I plan to talk about this more in a subsequent post or two, but for now, let me give some examples of what I’m describing. Several legal scholars (or people closely associated with legal scholarship) are pointing the way for this new category of “empirical Internet legal studies”.
- Jonathan Zittrain and Ben Edelman, curious about the nature and extent of filtering in China and Saudi Arabia, wrote a series of scripts to “tickle” web proxies in those countries to analyze the amount of filtering that occurs.
- Edelman has continued to engage in a particularly applied form of Internet research, for example see his work on spyware and adware.
- Ed Felten—granted, a computer scientist not a law professor—and his graduate students at Princeton have investigated DRM and voting machines with a policy bent and a particular focus on applied, clear results. Although the level of technical sophistication found in these studies is unlikely to be duplicated in the legal academy soon, his methods and approaches are a model for what I’m describing.
- Journalist Kevin Poulsen created scripts that searched MySpace’s user accounts for names and zip codes that matched the DOJ’s National Sex Offender Registry database, and found more than 700 likely matches.
- Finally, security researchers have set up vulnerable computers as “honeypots” or “honeynets” on the Internet, to give them a vantage point from which to study hacker behavior.
What are other notable examples of EILS? Let’s keep with the grand Solovian tradition, and call this a Census. Is this sub-sub-discipline ready to take off, or should we mere lawyers leave the coding to the computer scientists?
February 20, 2007 at 9:28 am
Posted in: Empirical Analysis of Law
Print This Post












Responses (11)
James Grimmelmann - February 20, 2007 at 11:00 am
The field began with a debacle: the Rimm cyber-porn study.
I’d add two more virtues of law-profs who code. The first is that they can often build things that they think ought to exist. That’s a great way to translate ideas into practice that often complements or substitutes for directly “legal” activities. The second is that getting inside the process of programming is a great BS detector for examining claims about Internet technologies. There are aspects of programs and programming that are hard to grok without hands-on experience coding.
gr - February 20, 2007 at 11:11 am
I don’t know who wrote the code but Thomas Smith’s ‘Web of Law’ SSRN . Could be on there. Its empirical, and network-ish. But not about the internet. Rather its taking internet type concepts and applying them to citations.
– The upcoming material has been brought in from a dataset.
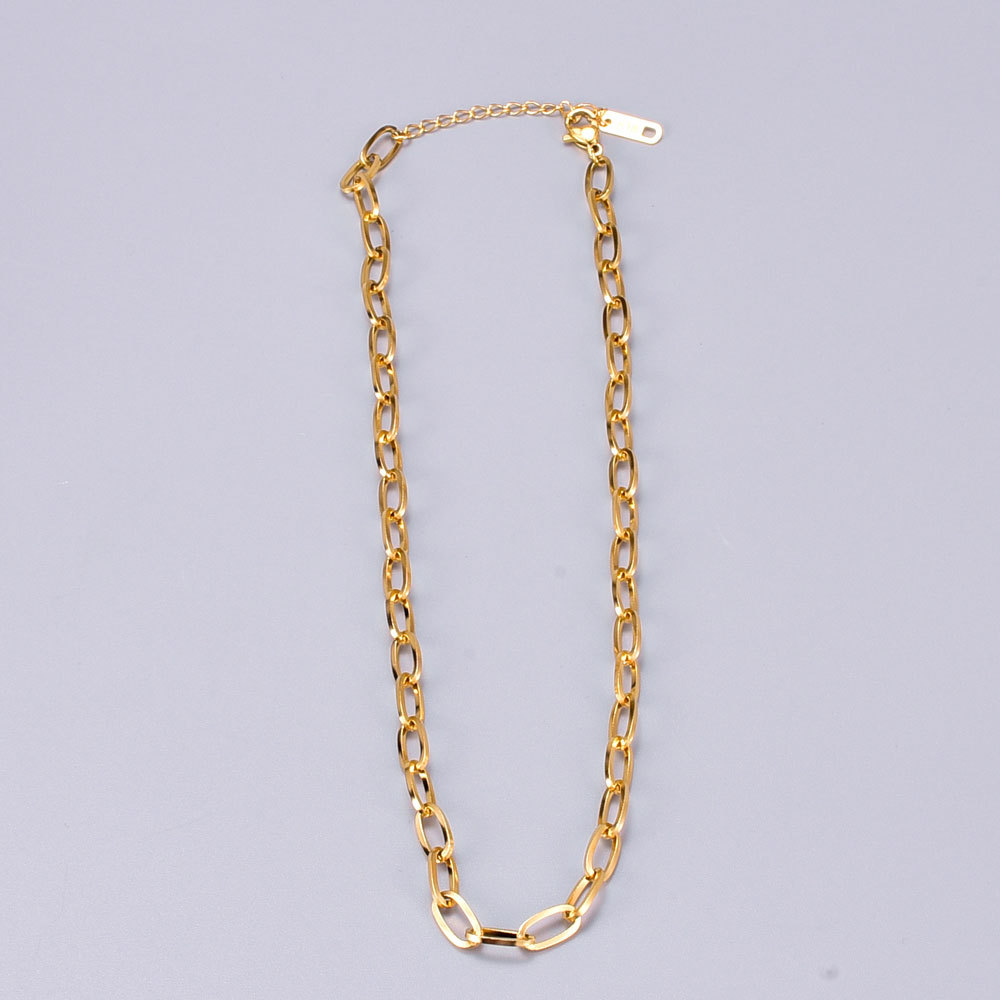 Wholesale Jewelry Thick Flat Chain Titanium Steel Necklace Nihaojewelry display picture 3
Eric Goldman - February 20, 2007 at 11:23 am
Geist and Kesan have both done good work doing empirical studies of the domain name system. Noveck has also done a number of interesting coding projects at her “dotank.” Eric.
Greg Lastowka - February 20, 2007 at 11:34 am
Paul — Just my opinion, I’ve felt that learning to code has helped me most by giving me an instinct for avoiding common mistakes made in software policy debates. It helps you see below the surface of what you’re observing.
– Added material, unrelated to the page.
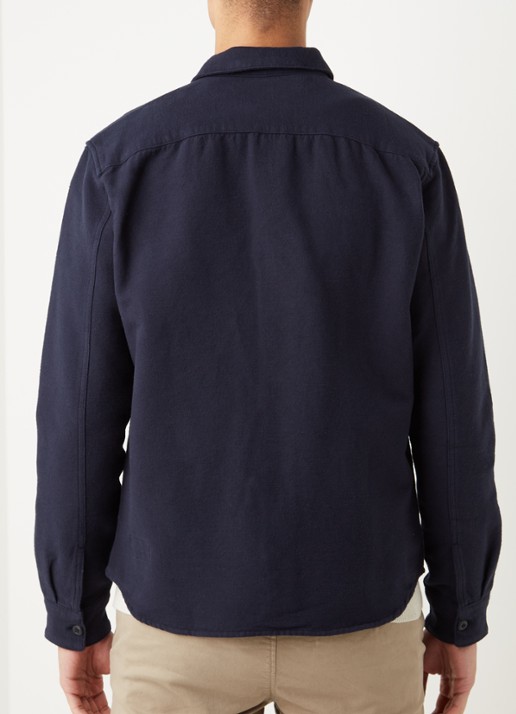 Selected Homme Loose Luke overshirt van katoen - achterkant donkerblauw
But with regard to law profs scripting (not just understanding it) — above you have examples of how scripts can be a useful tool for gathering data. But gathering data is essentially gathering relevant facts, right? So I’m curious: is your model of “Law and Scripting” more or less a sub-category of empirical/descriptive research? Or are you suggesting there is some scholarly benefit found in the process of scripting the code to gather the data? And if it is the latter, what is the benefit?
Maybe you’ll address this is future posts?
mmmbeer - February 20, 2007 at 11:52 am
What about lawyers who code? I’m a Comp. Sci. major and was a former web-application jockey before and during law school. Now I do lots of transactional intellectual property work (e.g. those license agreements no one else reads).
I find contract drafting to essentially be another type of programming language.
Paul Ohm - February 20, 2007 at 12:18 pm
Thanks for the comments, all. I should have mentioned Geist’s, Kesan’s and Smith’s work, which I have read and admired. I don’t know about the “dotank,” but I plan to learn.
Greg, thus far, most of the projects we’ve described do little more than gather information, and EILS (I’m determined to coin a new acronym, here!) is at the very least a nascent branch of empirical legal studies.
But along with the virtues you and James cite, there are reasons why I think Law Profs will benefit from writing the code themselves, rather than waiting for someone else or outsourcing the work to others, aside from merely the potential efficiency gains.
For one thing, nobody is writing code to answer some types of policy-laden questions. They just aren’t the kind of questions that interest Computer Scientists or professional programmers, for example.
I also think that some of the research we’ve discussed–Felten’s Sony Root Kit work is the best example–begins to cross the line between mere info gathering and full-blown scientific method-based inquiries. Thanks to the generativity of PCs and code (See Zittrain) and the openness of the Internet, lawprofs have the opportunity to engage in the “science” of this field moreso than in other fields. I’ll try to flesh all of this out in a later post.
Finally, I don’t know much about the historical evolution of ELS, so let me turn your question around and ask, why do lawprofs run their own regressions? Is it “more or less a sub-category of empirical/descriptive research, or [do those professors] suggest[] there is some scholarly benefit found in the process of” running ANOVAs themselves?
Ben Edelman - February 20, 2007 at 1:40 pm
Paul,
Interesting post. Thanks. For some time I thought about my work in much the spiric that you describe EILS — so it’s particularly nice to see this set out so clearly.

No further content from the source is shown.